_Exercise materials_
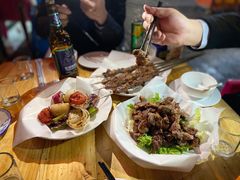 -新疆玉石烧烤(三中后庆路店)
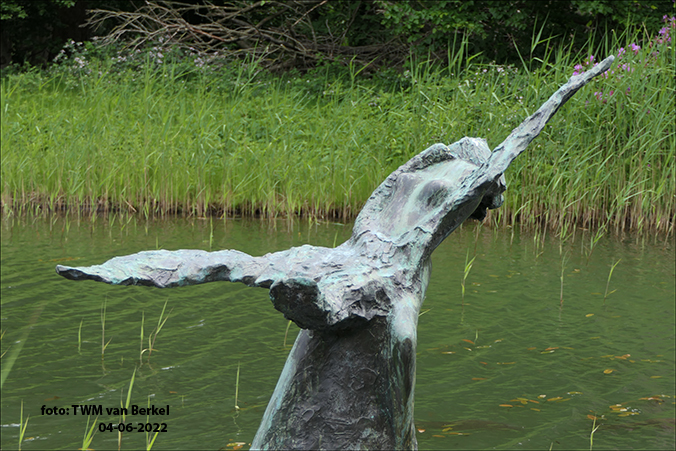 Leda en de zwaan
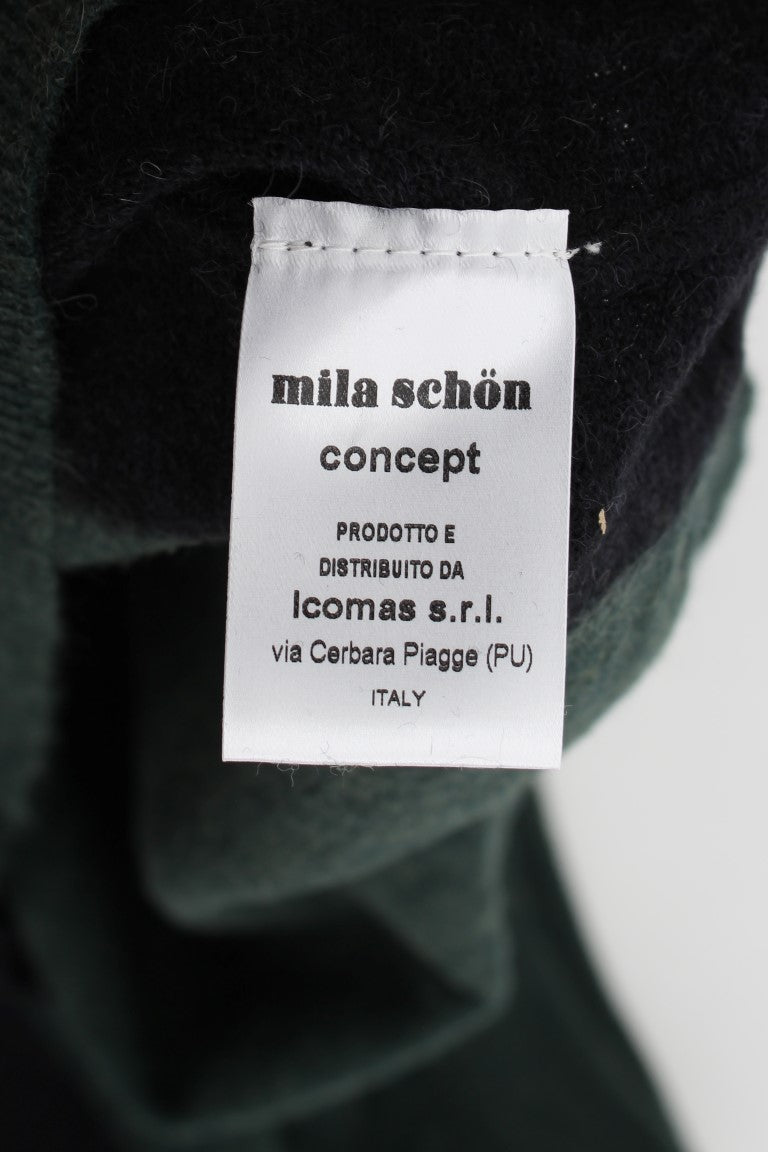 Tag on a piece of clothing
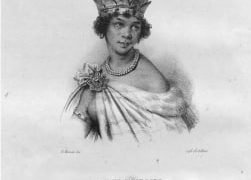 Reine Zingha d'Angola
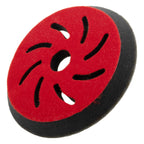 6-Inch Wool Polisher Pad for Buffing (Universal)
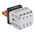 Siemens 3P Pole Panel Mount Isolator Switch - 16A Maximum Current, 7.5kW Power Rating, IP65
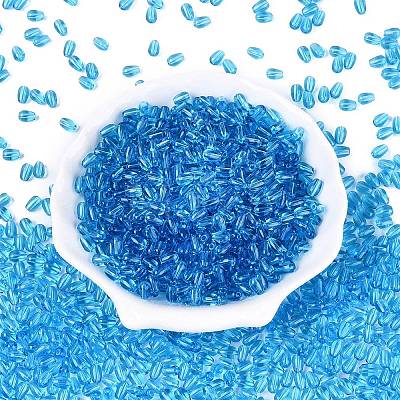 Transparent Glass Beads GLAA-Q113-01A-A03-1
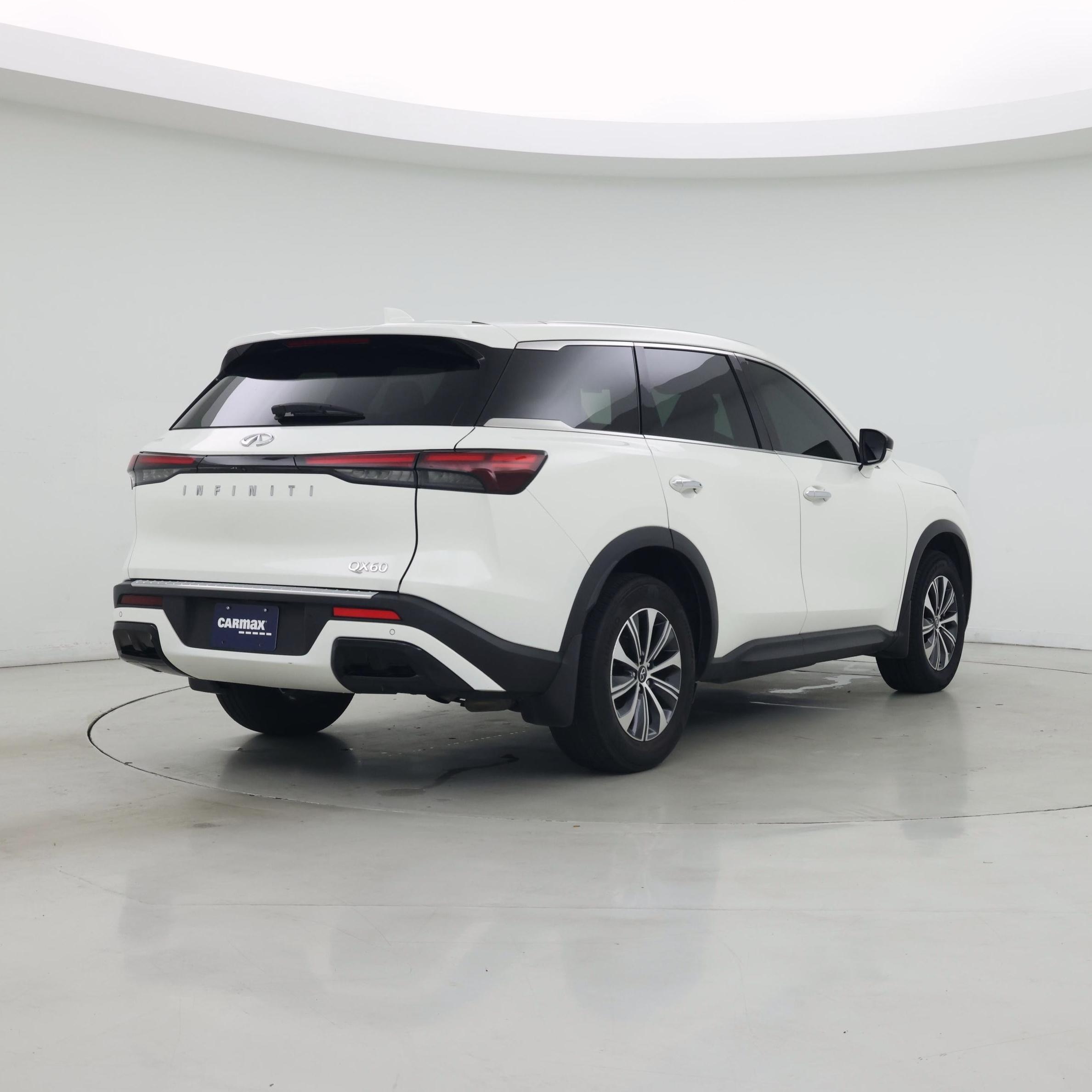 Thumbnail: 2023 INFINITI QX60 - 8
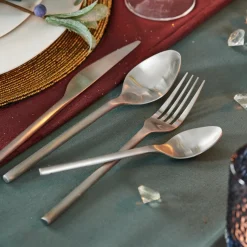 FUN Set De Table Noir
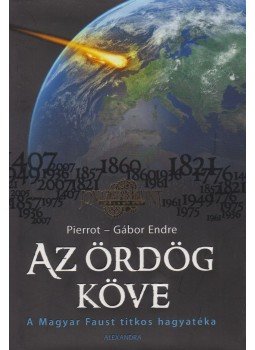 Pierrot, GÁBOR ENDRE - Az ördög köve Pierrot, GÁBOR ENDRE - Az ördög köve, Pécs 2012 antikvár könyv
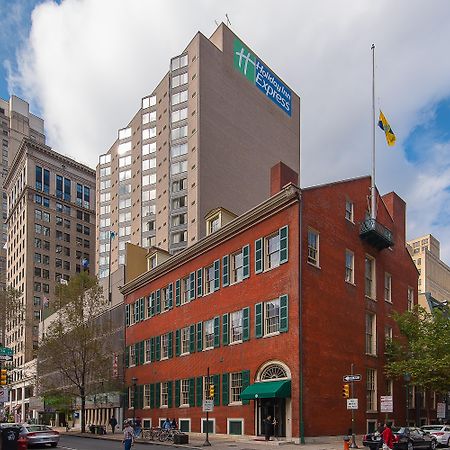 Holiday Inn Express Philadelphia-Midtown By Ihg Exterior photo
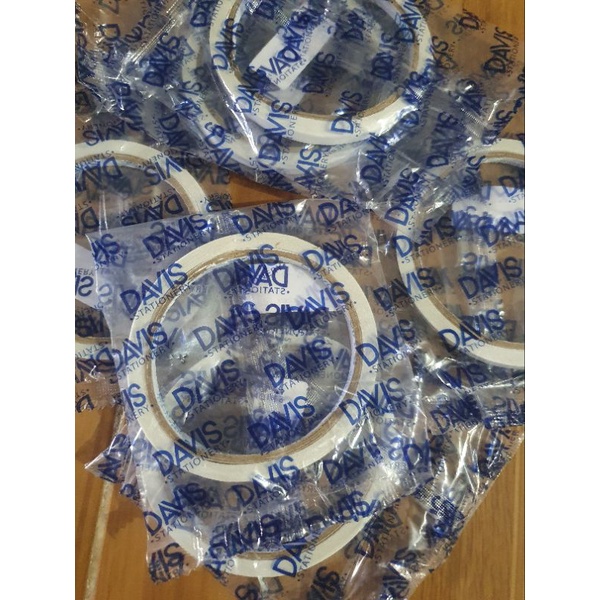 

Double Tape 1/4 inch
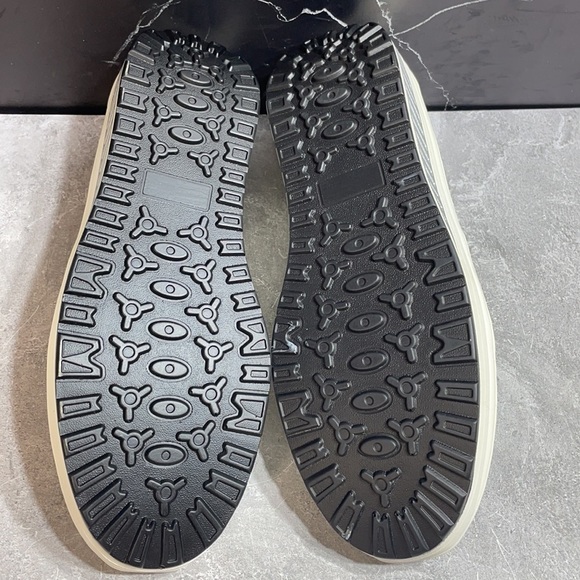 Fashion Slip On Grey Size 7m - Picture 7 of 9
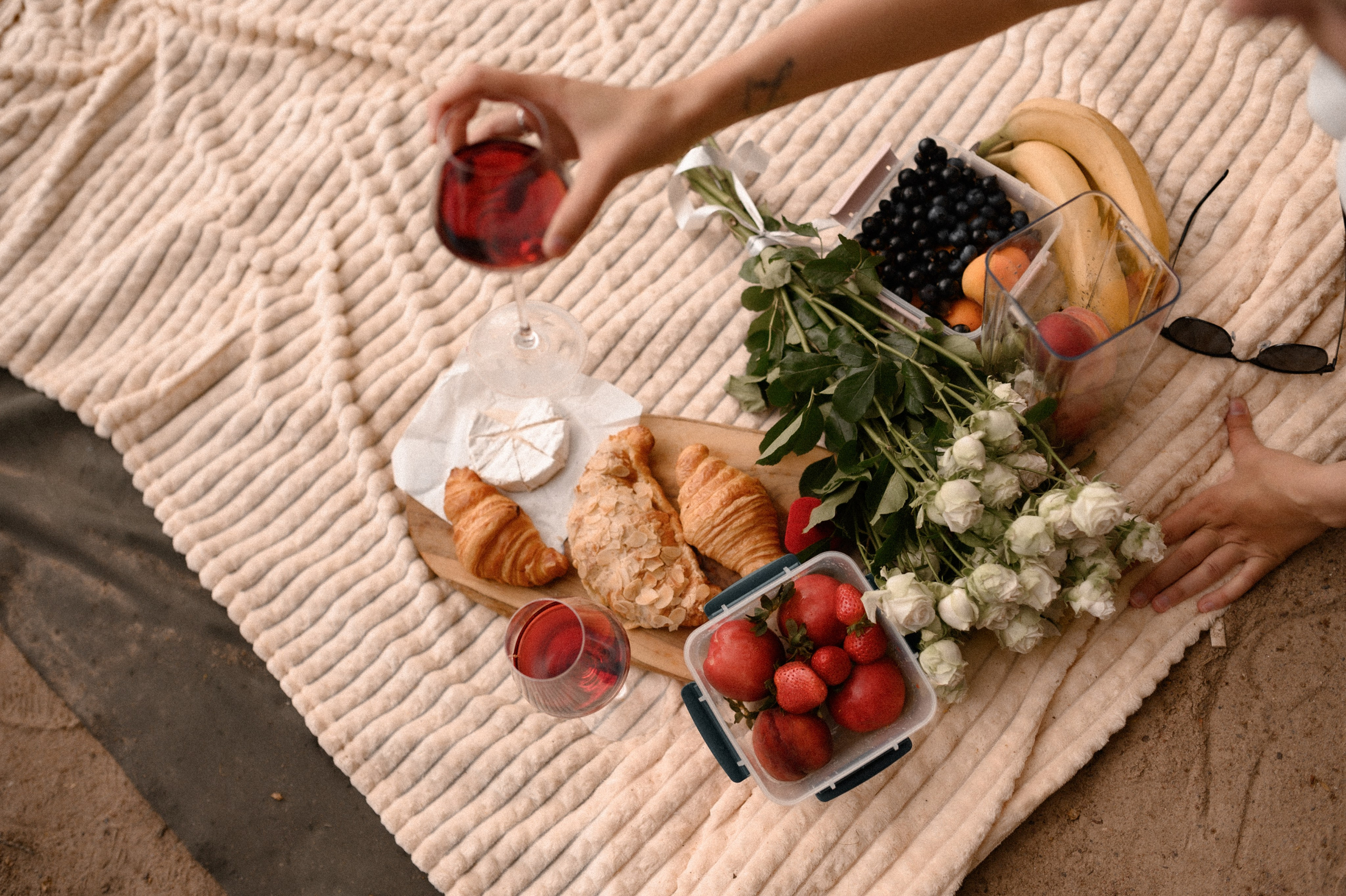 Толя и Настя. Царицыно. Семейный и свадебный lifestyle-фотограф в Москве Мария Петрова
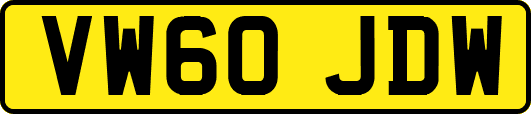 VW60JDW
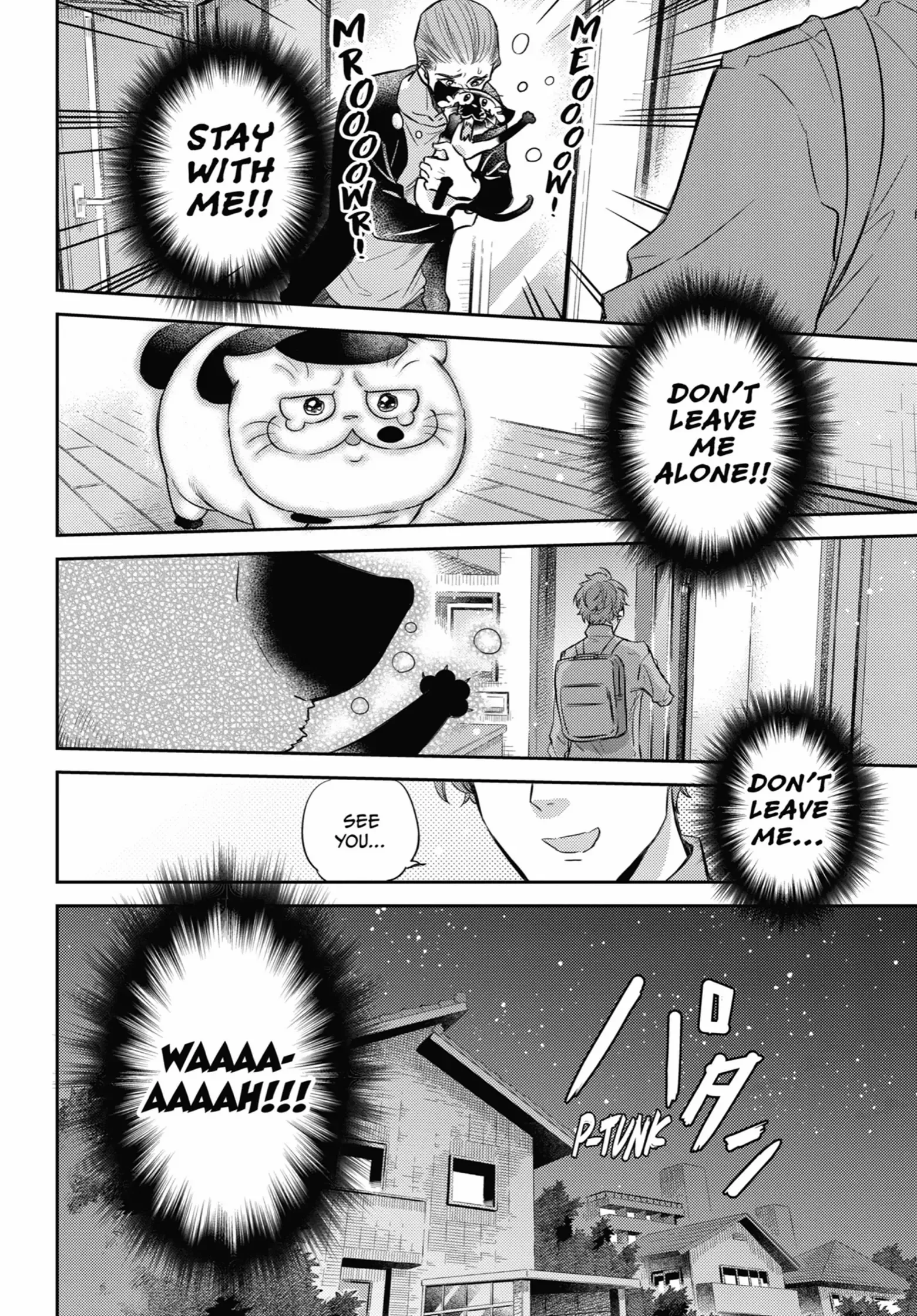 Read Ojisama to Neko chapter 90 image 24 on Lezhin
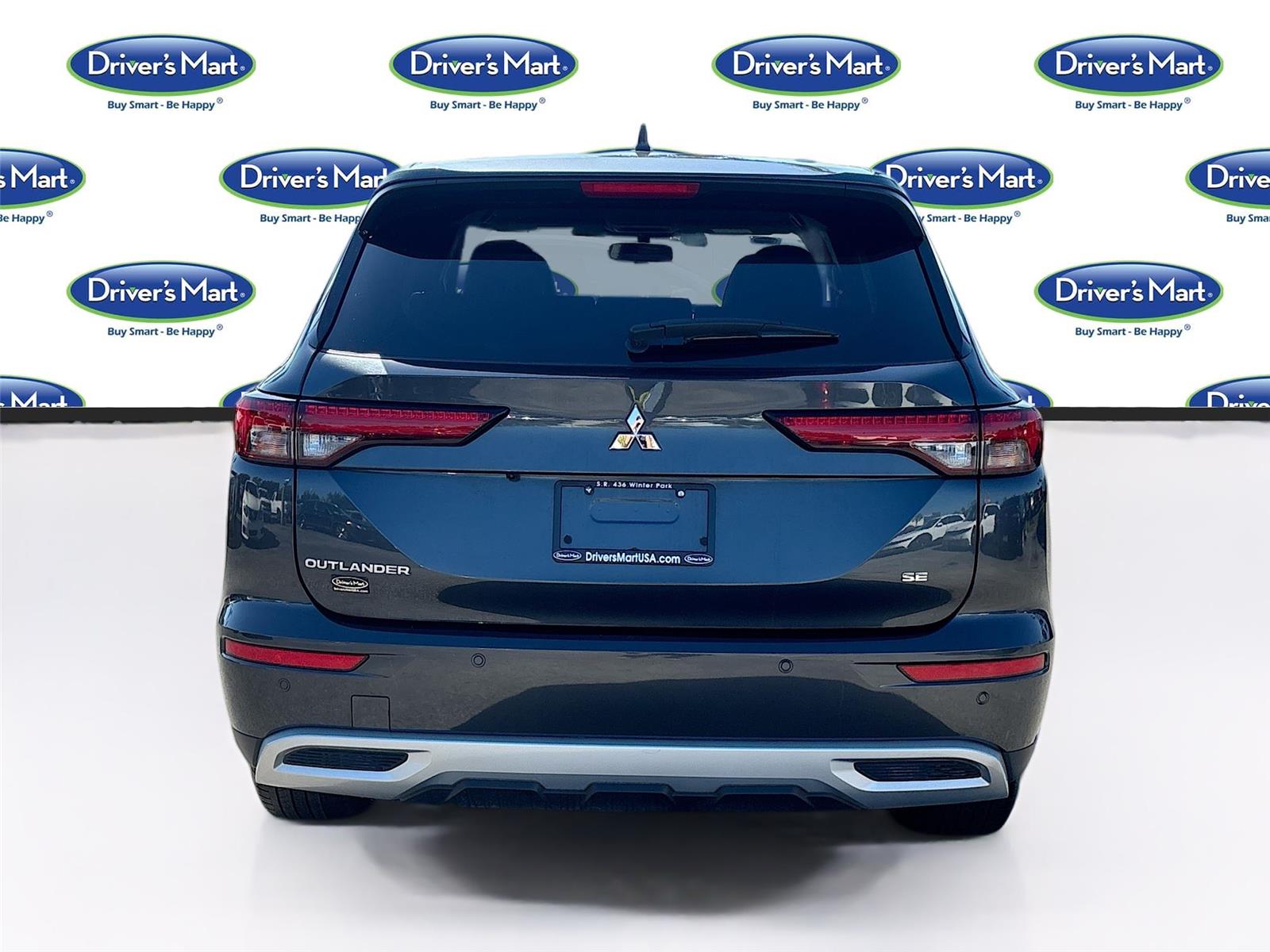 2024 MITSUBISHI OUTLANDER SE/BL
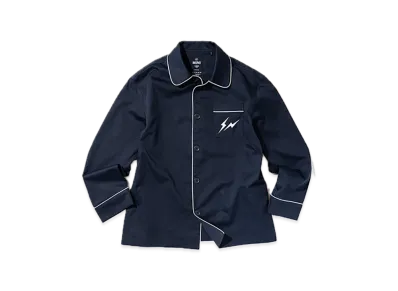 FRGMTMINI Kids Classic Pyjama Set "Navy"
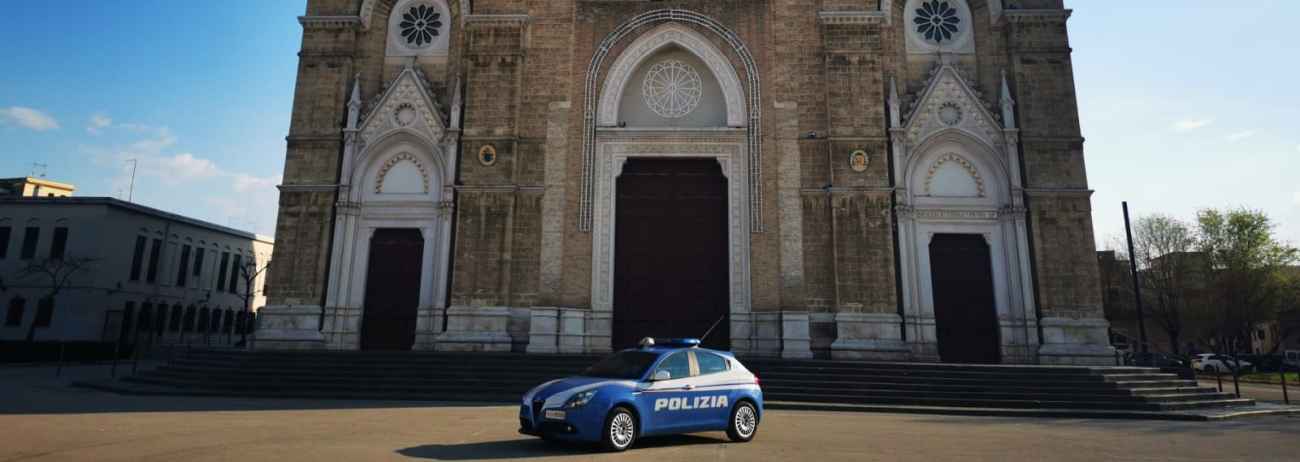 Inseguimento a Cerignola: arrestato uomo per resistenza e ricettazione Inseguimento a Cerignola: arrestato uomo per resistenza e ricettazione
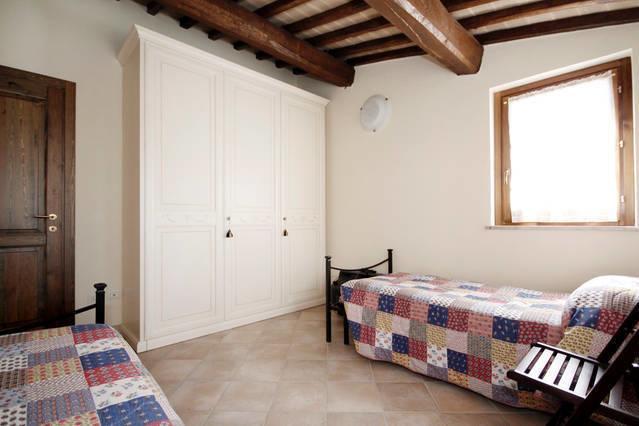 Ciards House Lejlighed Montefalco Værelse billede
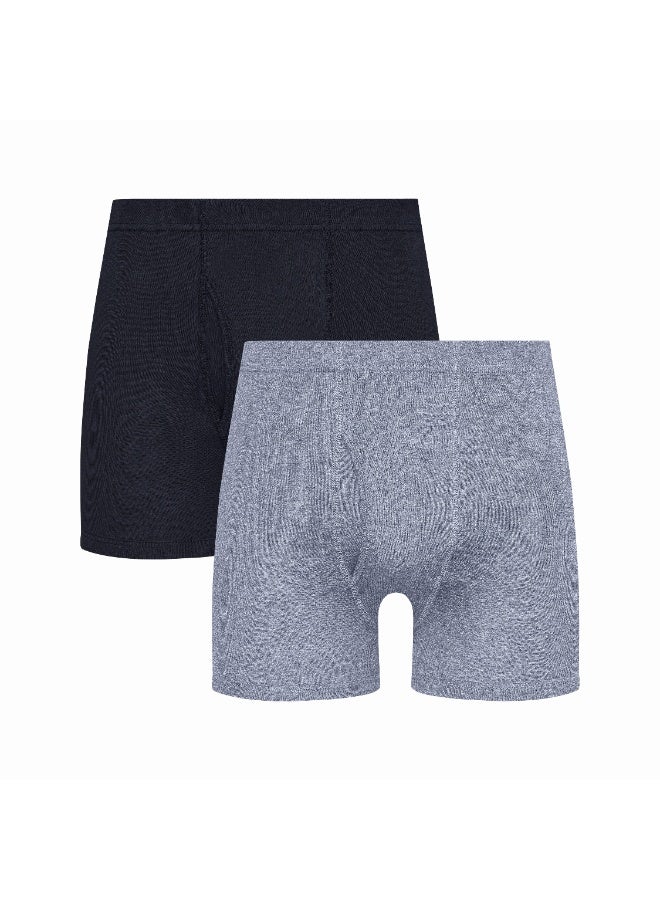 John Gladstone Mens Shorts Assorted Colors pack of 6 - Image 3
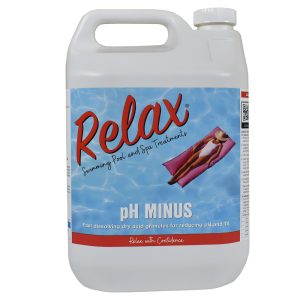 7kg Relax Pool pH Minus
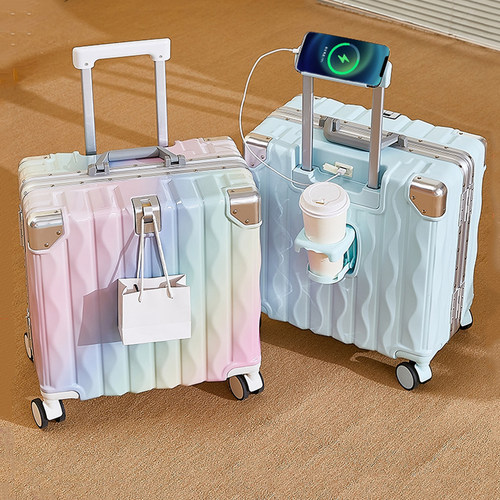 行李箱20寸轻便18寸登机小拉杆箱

_What is required_
Given the listing above, retype only the span of lines from the line with "Reine Zingha d'Angola" up to and including the line with "Pierrot, GÁBOR ENDRE - Az ördög köve Pierrot, GÁBOR", exactly as it stands and without pictures.

_Output of the task_
 Reine Zingha d'Angola
 6-Inch Wool Polisher Pad for Buffing (Universal)
 Siemens 3P Pole Panel Mount Isolator Switch - 16A Maximum Current, 7.5kW Power Rating, IP65
 Transparent Glass Beads GLAA-Q113-01A-A03-1
 Thumbnail: 2023 INFINITI QX60 - 8
 FUN Set De Table Noir
 Pierrot, GÁBOR ENDRE - Az ördög köve Pierrot, GÁBOR ENDRE - Az ördög köve, Pécs 2012 antikvár könyv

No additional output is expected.